** Opening LISTED ENTRIES block **

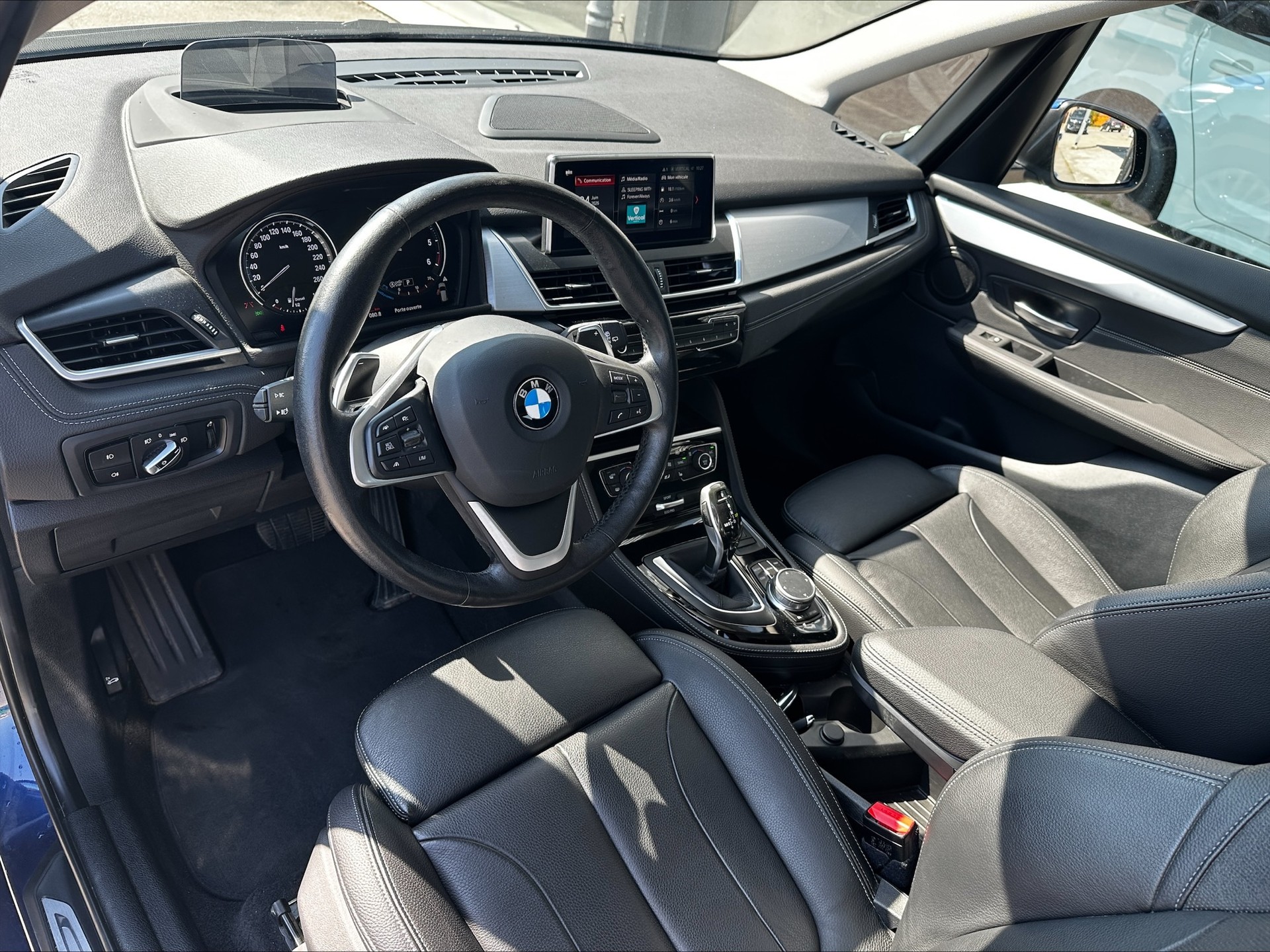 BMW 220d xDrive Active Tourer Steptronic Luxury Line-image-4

** Closing LISTED ENTRIES block **
** Opening LISTED ENTRIES block **

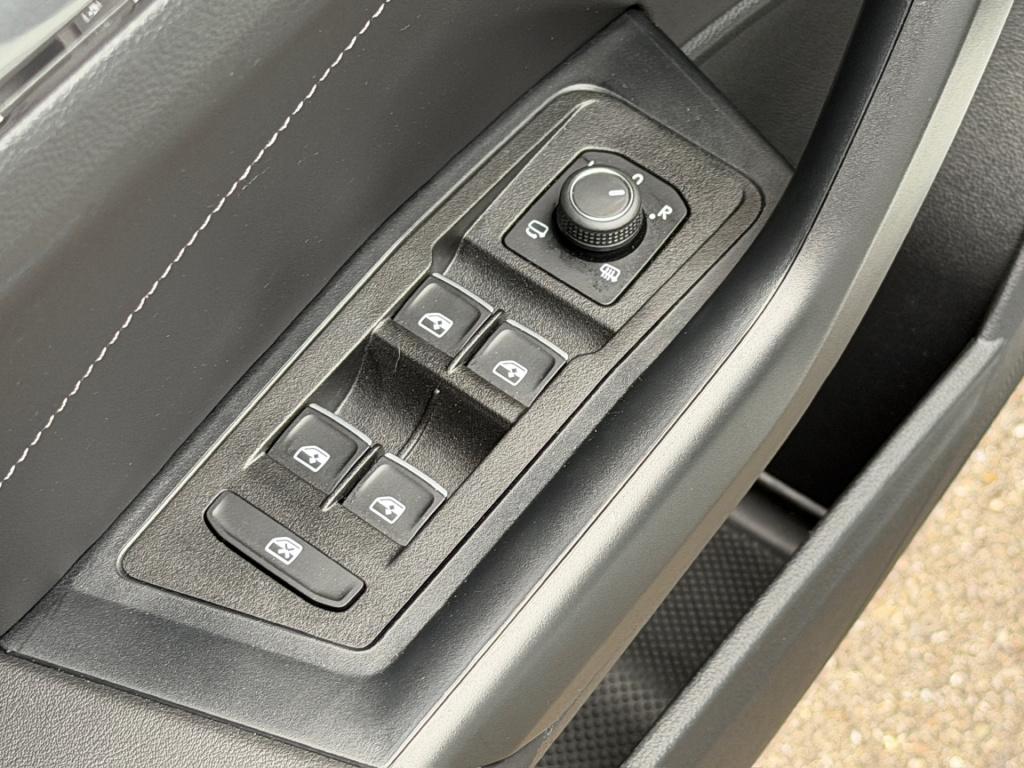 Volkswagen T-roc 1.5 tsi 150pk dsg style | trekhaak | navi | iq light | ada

** Closing LISTED ENTRIES block **
** Opening LISTED ENTRIES block **

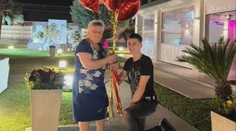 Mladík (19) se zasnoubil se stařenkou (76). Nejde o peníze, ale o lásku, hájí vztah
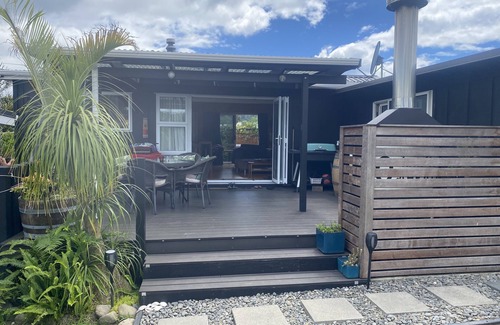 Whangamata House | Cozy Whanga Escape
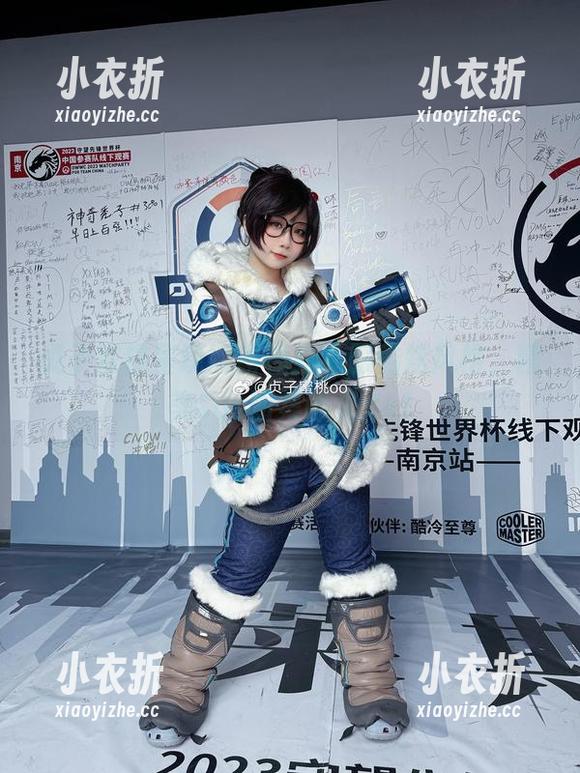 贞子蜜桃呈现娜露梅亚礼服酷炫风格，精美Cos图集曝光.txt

** Closing LISTED ENTRIES block **

ABOUT THIS EXERCISE: In the data above, take the line with "Whangamata House | Cozy Whanga Escape", the line with "贞子蜜桃呈现娜露梅亚礼服酷炫风格，精美Cos图集曝光.txt", and every line between, and set them down exactly without pictures.

EXERCISE ANSWER:
 Whangamata House | Cozy Whanga Escape
 贞子蜜桃呈现娜露梅亚礼服酷炫风格，精美Cos图集曝光.txt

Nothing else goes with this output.